Side A (tracks 1–4) consists of four performances from the marathon 1960 Chicago recording session that produced dozens of tracks released over the subsequent decade on a series of Saturn releases. Two idiosyncratic works, "Tiny Pyramids" and the title track (the latter featuring a flute solo by Marshall Allen), were composed by bassist Ronnie Boykins. "Between Two Worlds," a Sun Ra original, is a short, springy cha-cha. The colorfully abstract "Music From The World Tomorrow," featuring Sun Ra on Cosmic Tone Organ and Phil Cohran on "violin-uke," is the album's revelation — a short "sound experiment" rather than a composition, hinting more than any work on the collection Sunny's future direction.
The B-side of the album (tracks 5–8) goes back to the 1956 first Arkestra sessions, featuring Sunny's emerging "Hard Space Bop." The work is solid, and representative of the foundational years of the Sun Ra legacy. Three of the tracks had been released as singles by Saturn.
The respective sides document two early periods of Sun Ra's musical trajectory. But by the time the album was released in 1965, neither side accurately reflected what Sun Ra was offering fans on the concert stage or on new album releases, much less where his music would head as the decade continued to unfold. Compare Angels and Demons to the albums Strange Strings (recorded 1965) and Atlantis (recorded 1967-68), which sonically and stylistically are, as Sun Ra might say, "from another planet."
This album contains the moment when something 'happens' to the sound palette of the band. Following chronologically we might have come across frenetic but eccentric jazz from the same world as Monk and Mingus, as well as doo-wop, rhythm and blues and what almost might be called world music. But here we are confronted with ‘Music from the World Tomorrow’ – which is the most radical music labelled ‘jazz’ that I’ve come across from this time period (1960). Whilst there is a 4/4 pulse throughout, what goes on over the top can only be described as ‘free’ – although I’m pretty sure Ra himself didn’t like that label.

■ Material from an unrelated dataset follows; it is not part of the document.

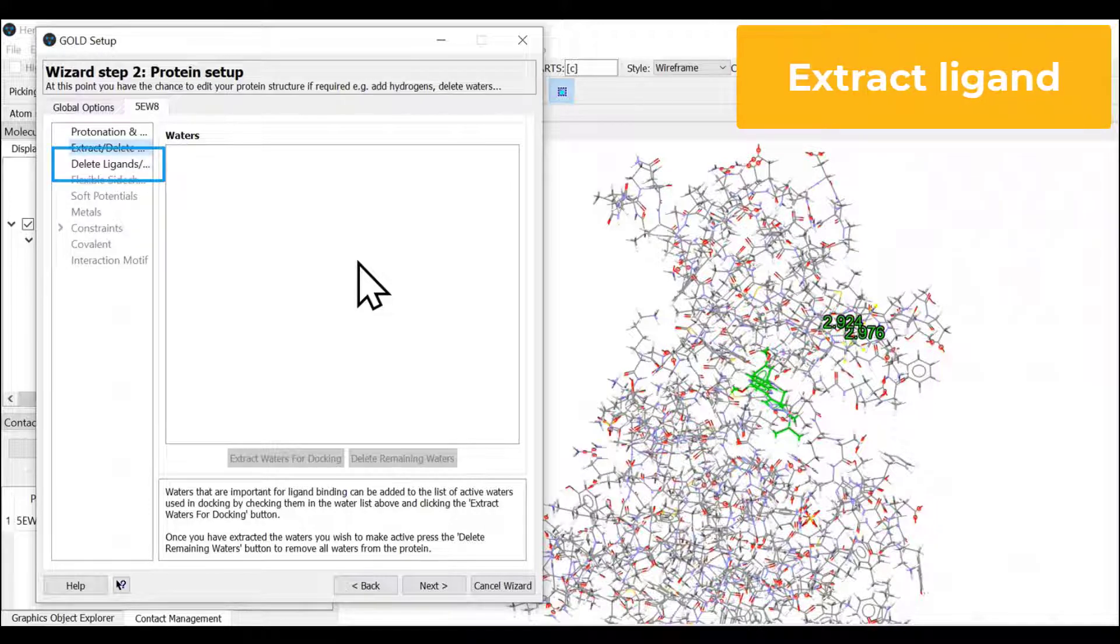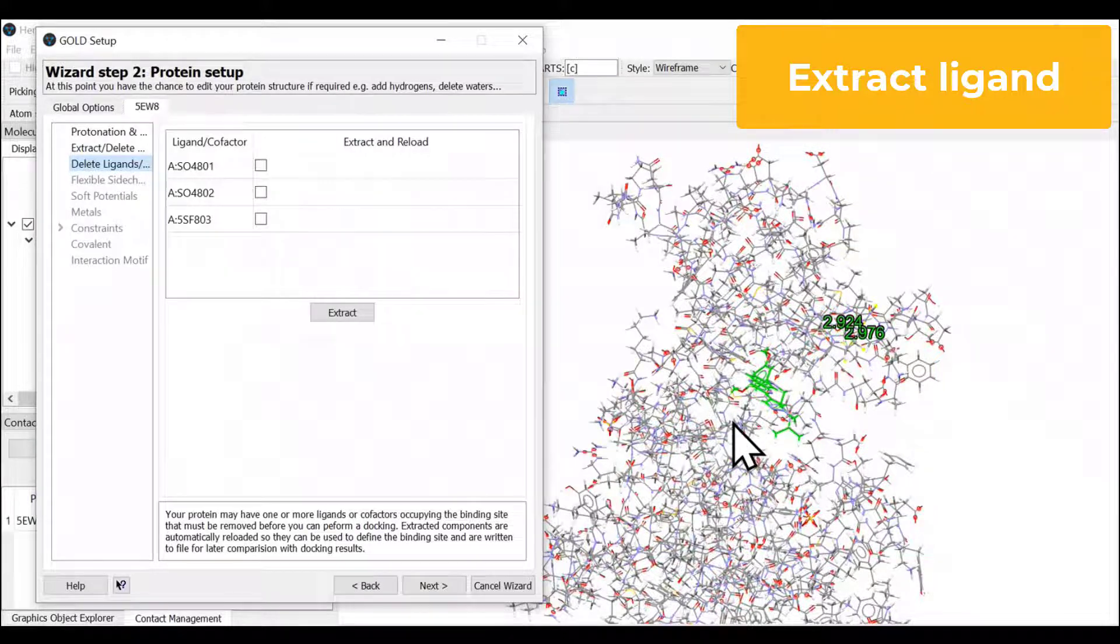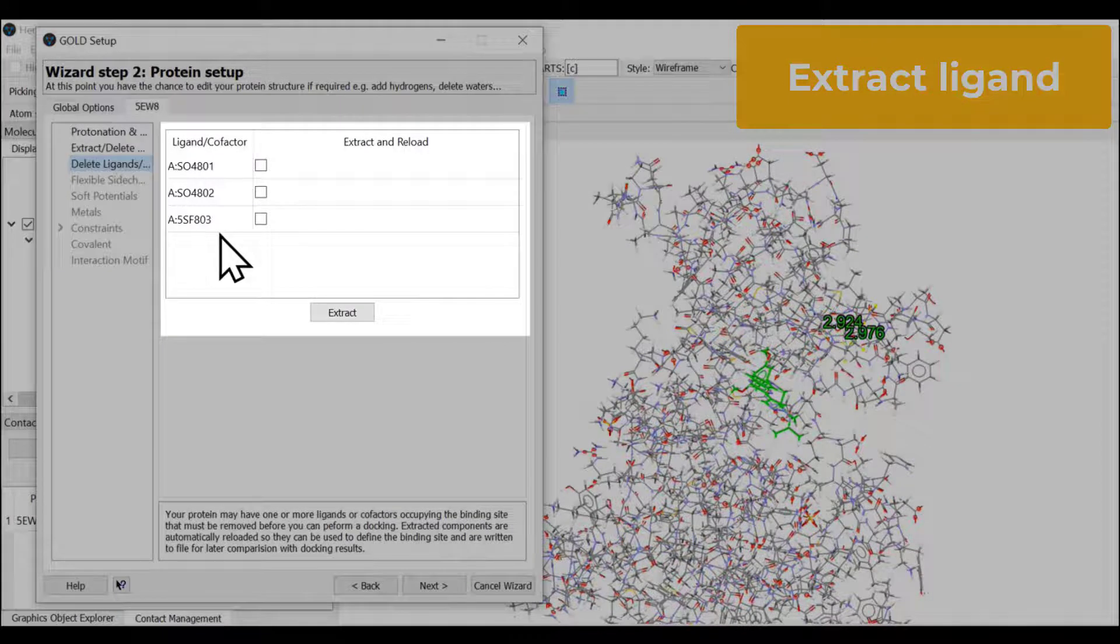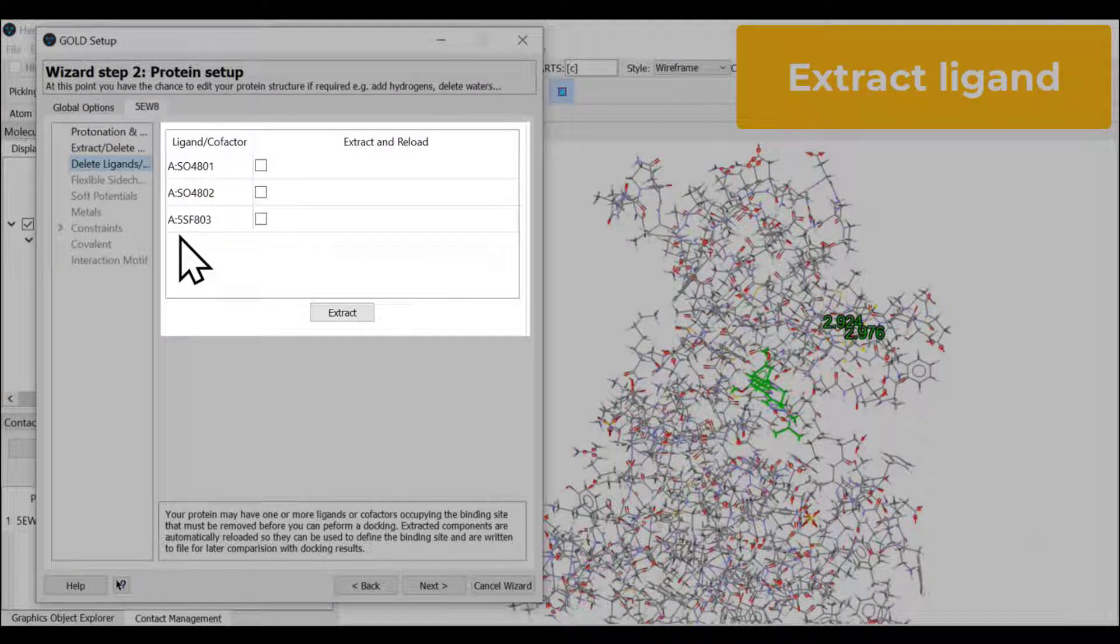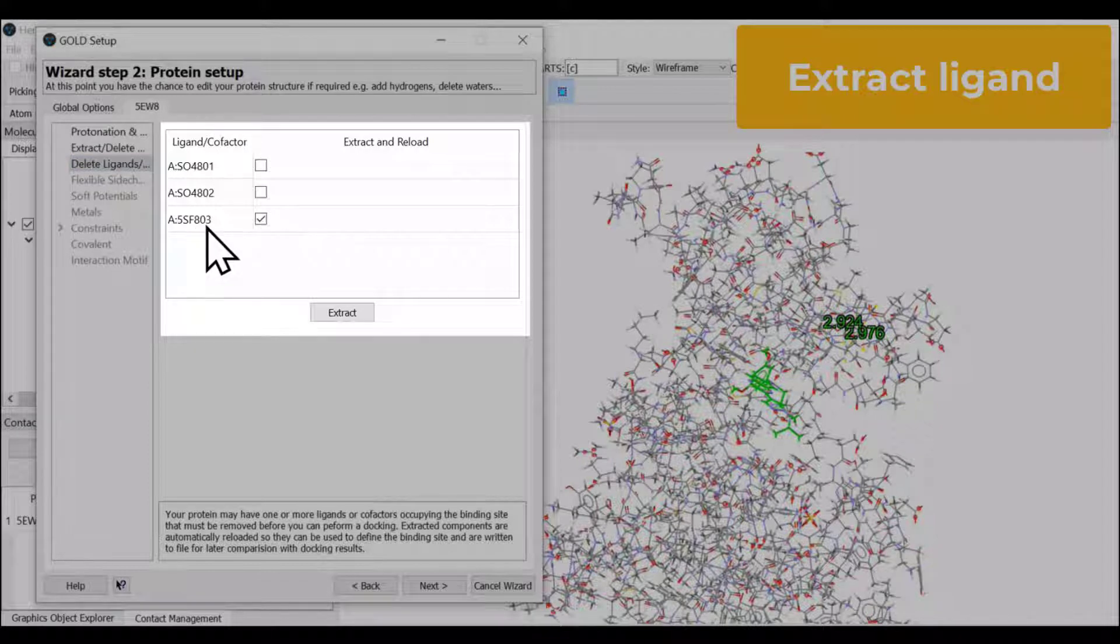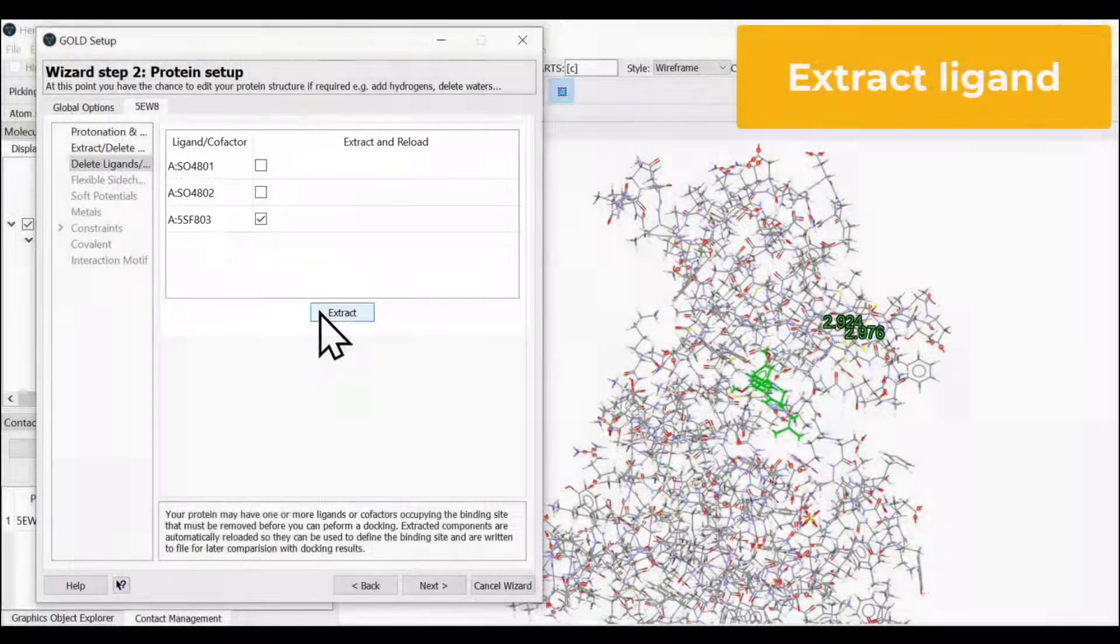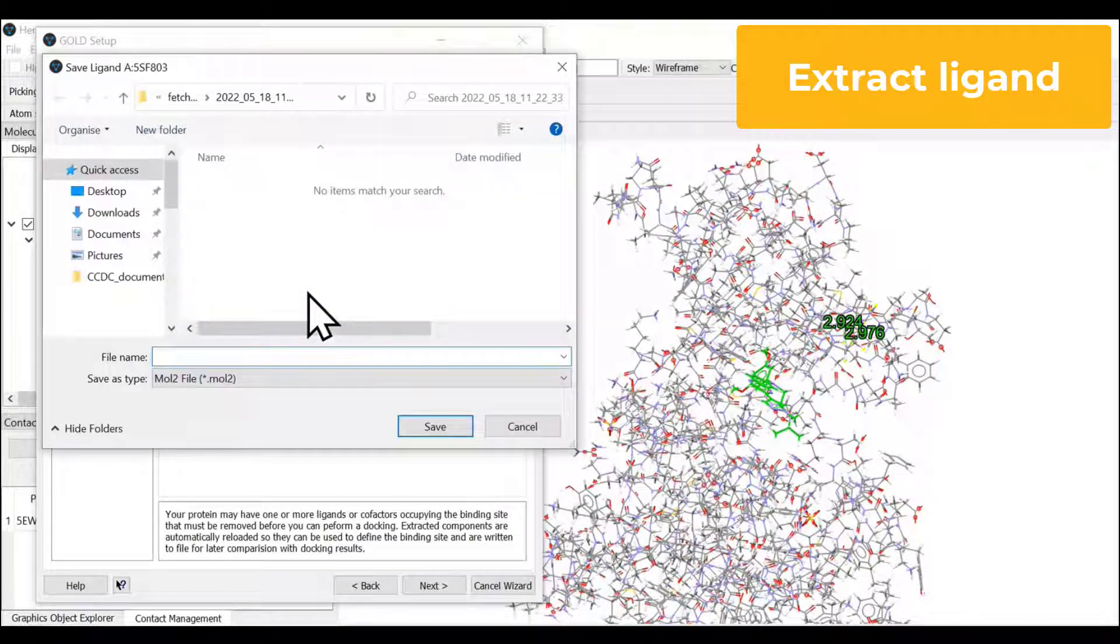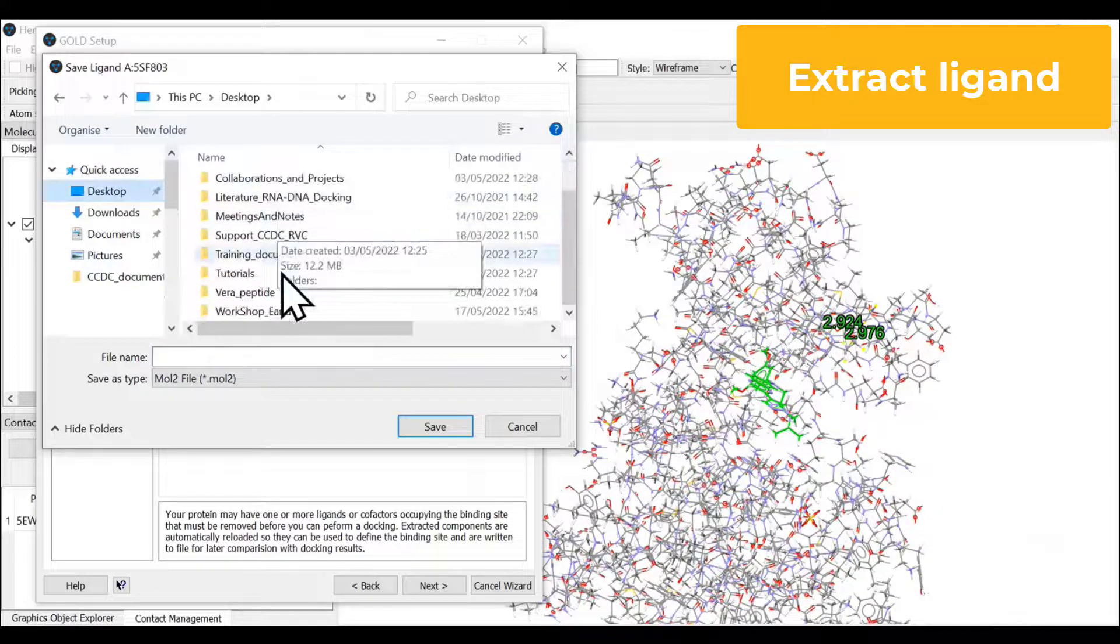Next is extracting your ligand molecule that is already present in the co-crystal. This is the ligand molecule. These are two sulfate ions we won't touch. We're going to select the ligand molecule 5SF803 and say extract. Now we can save this particular ligand molecule in our working directory.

The first side comes across as fairly meditative and clearly forward thinking, although ‘Tiny Pyramids’ is in the same vein as pieces such as ‘Overtones of China’ from ‘Visits Planet Earth’ (1958). The title track features an addictive repeated bass line in 5/8, which was pretty unusual in itself for 1960 (apart from Dave Brubeck’s work from the year previous).
The second side is a particularly energetic outing from the classic early (May 1956) Arkestra lineup. This may be what’s known more traditionally as ‘jazz’ but the quirkiness of the arrangements and Ra’s piano playing surely shows that this is anything but ‘typical swing or bebop’.
Whichever side you listen to, Ra’s vision of music as a ‘sound of joy’ shines through. There’s just no room for pretentiousness here.
This album is split right down the middle for me. I adore every moment from the Angels' side, but can't bear a single moment from the Demons' side. Angels is amazingly original for a recording from this era, full of Egyptian and Arabic vibes, with a wonderful low-fi production. Demons on the other hand is exactly what you'd expect from this type of swinging jazz period, and does nothing for me whatsoever. Originally recorded as two separate sessions. I wonder how on earth, whoever conceived this album, thought the two recordings went together.